- _Data section_:
Segment Open
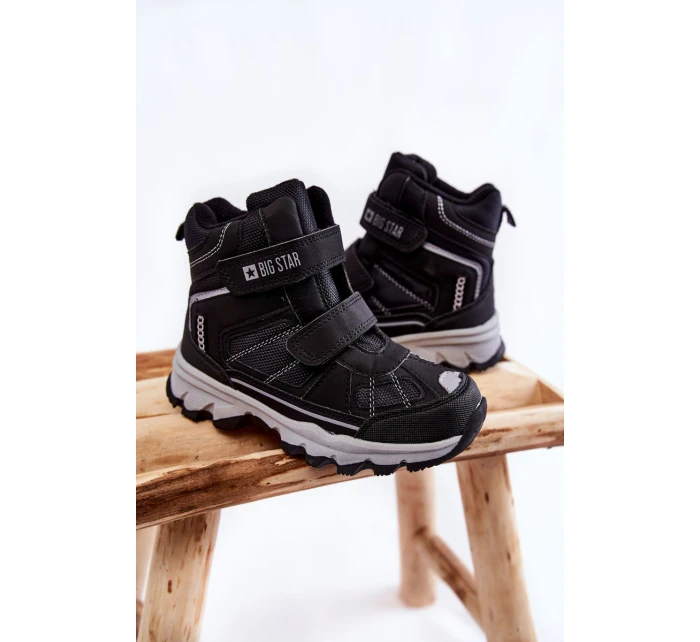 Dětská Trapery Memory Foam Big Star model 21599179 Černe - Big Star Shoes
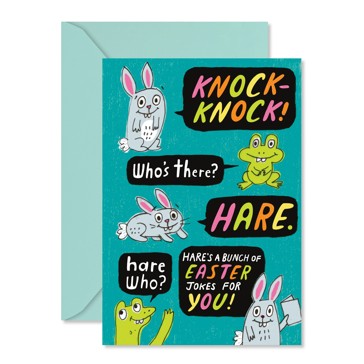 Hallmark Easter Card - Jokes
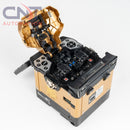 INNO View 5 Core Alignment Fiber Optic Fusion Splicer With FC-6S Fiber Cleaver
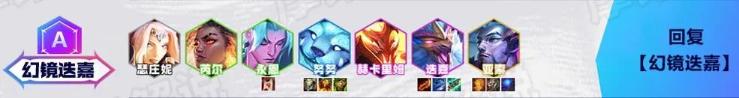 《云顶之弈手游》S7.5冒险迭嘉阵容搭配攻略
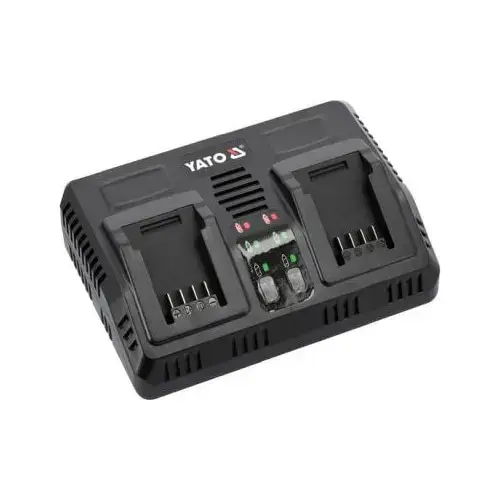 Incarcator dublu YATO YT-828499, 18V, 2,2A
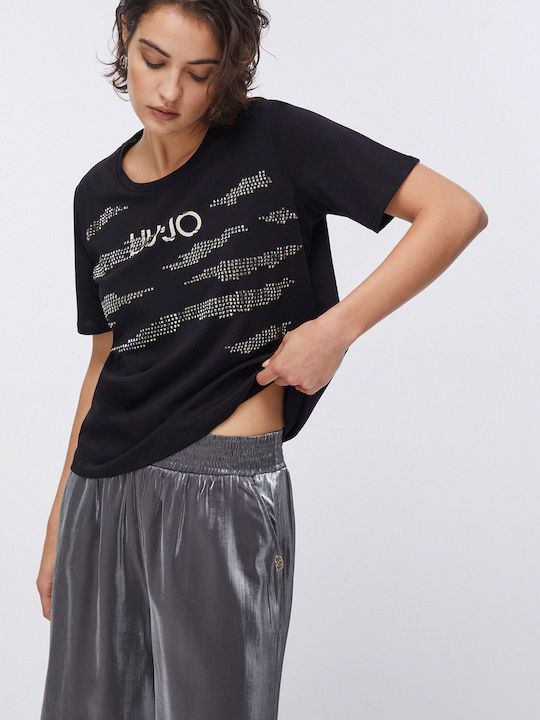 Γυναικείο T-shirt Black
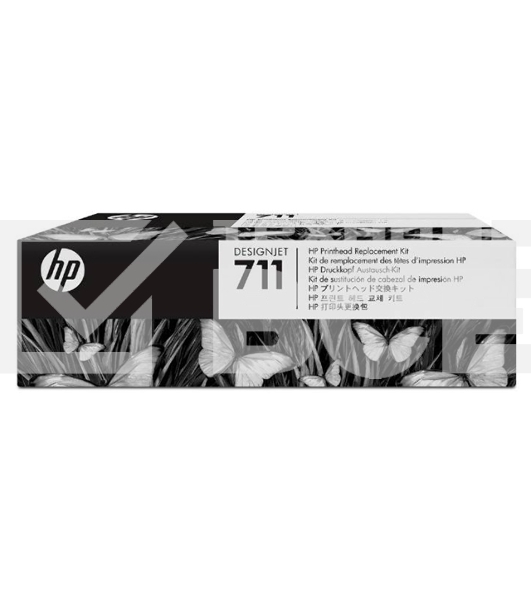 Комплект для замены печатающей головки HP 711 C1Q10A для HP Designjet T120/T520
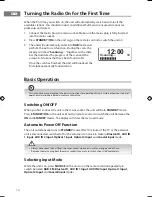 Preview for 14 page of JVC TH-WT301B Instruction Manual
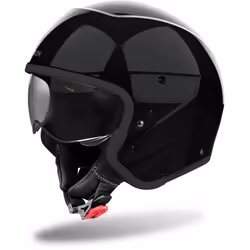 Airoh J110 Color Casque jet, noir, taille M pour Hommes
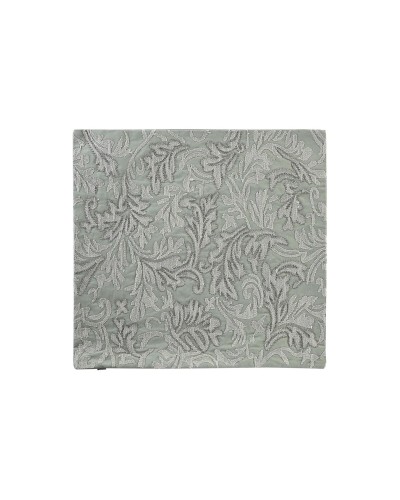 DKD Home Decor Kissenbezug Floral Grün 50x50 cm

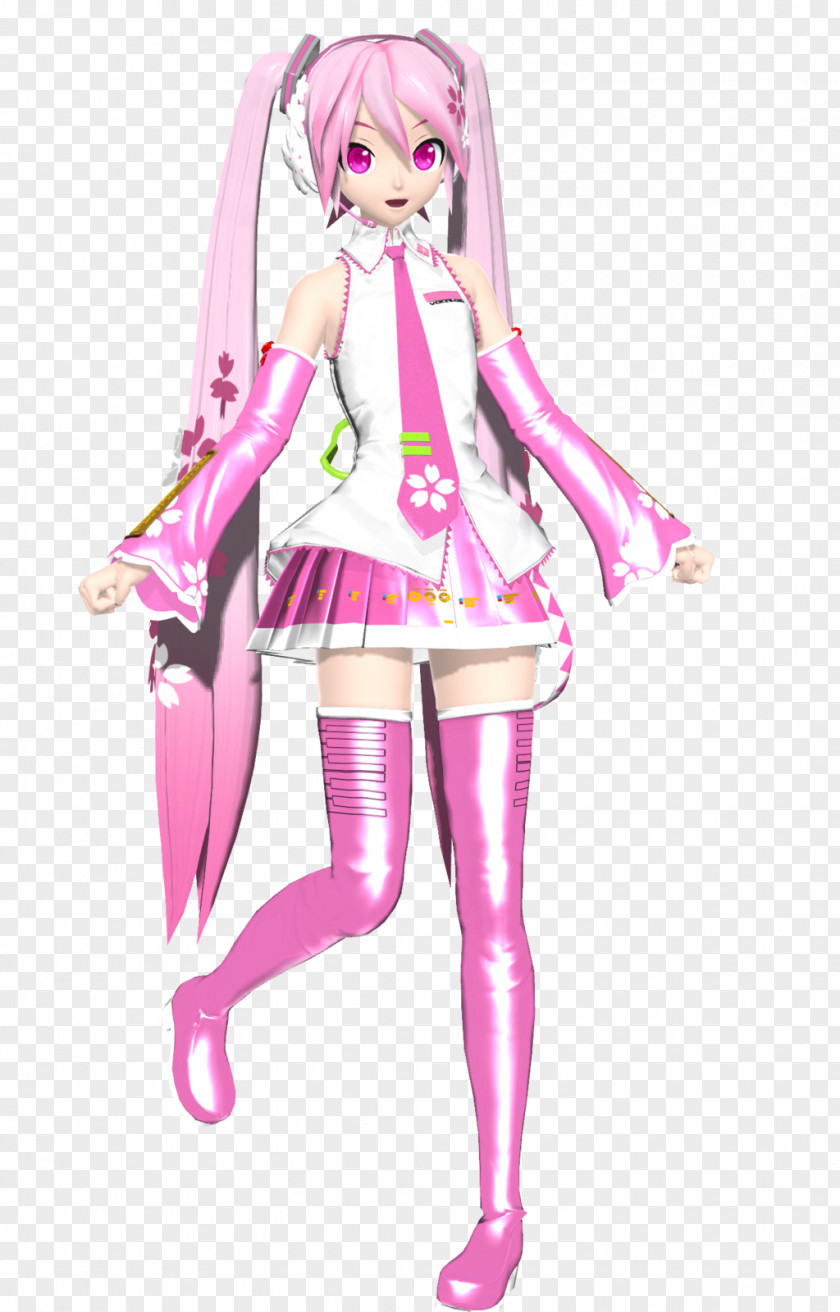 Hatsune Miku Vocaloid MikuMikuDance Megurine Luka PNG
Segment Closed
Segment Open
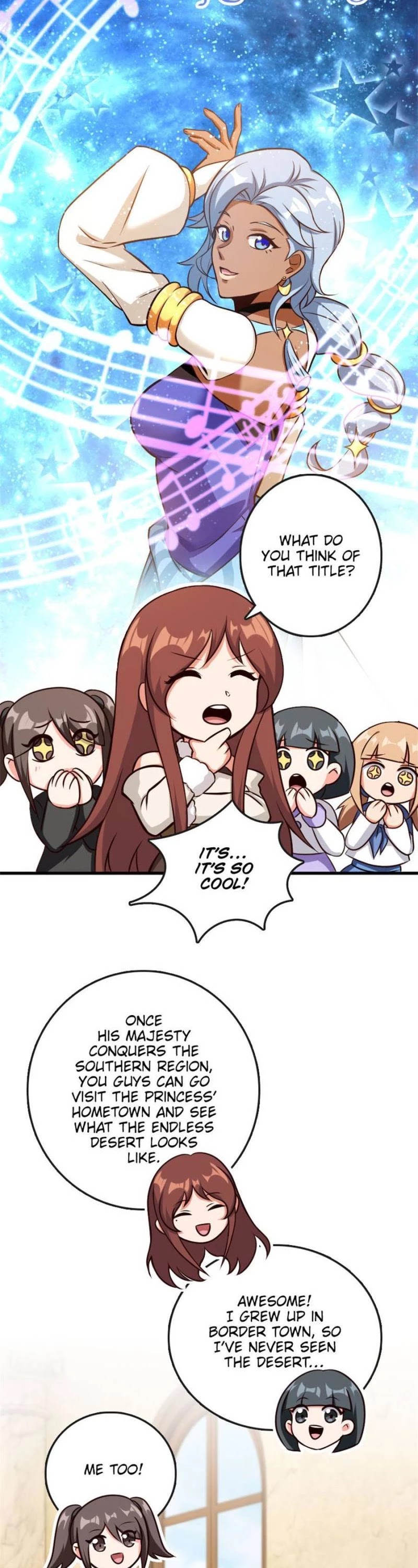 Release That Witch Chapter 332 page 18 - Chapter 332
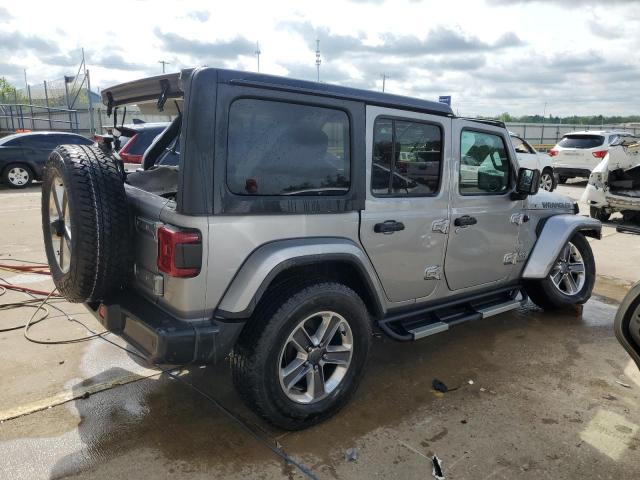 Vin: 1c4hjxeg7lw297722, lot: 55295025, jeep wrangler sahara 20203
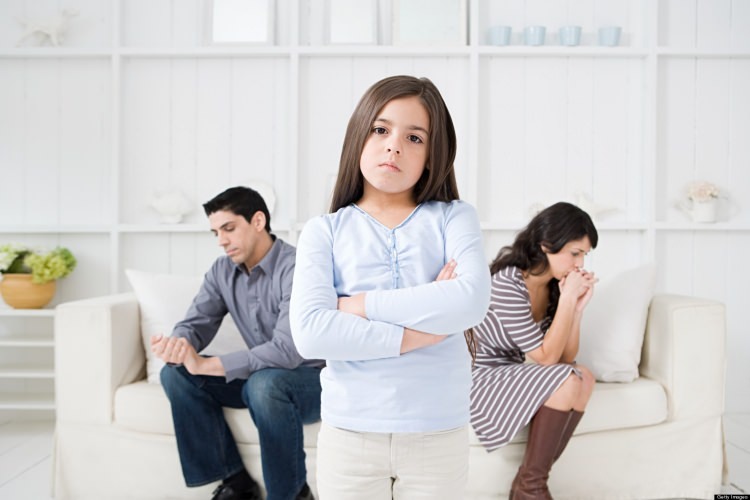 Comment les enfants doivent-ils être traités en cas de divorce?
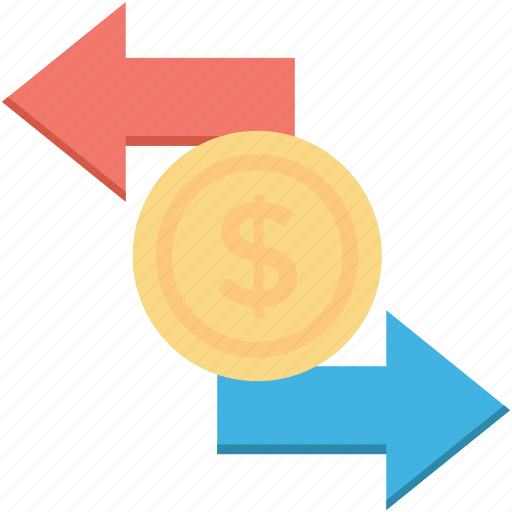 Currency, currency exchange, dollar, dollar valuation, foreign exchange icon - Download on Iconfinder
Segment Closed
- _What this task involves_: Return the lines above from the one with "Incarcator dublu YATO YT-828499, 18V, 2,2A" through the one with "Hatsune Miku Vocaloid", verbatim and nothing else. Omit every picture.

- _The completed task_:
 Incarcator dublu YATO YT-828499, 18V, 2,2A
 Γυναικείο T-shirt Black
 Комплект для замены печатающей головки HP 711 C1Q10A для HP Designjet T120/T520
 Preview for 14 page of JVC TH-WT301B Instruction Manual
 Airoh J110 Color Casque jet, noir, taille M pour Hommes
 DKD Home Decor Kissenbezug Floral Grün 50x50 cm

 Hatsune Miku Vocaloid MikuMikuDance Megurine Luka PNG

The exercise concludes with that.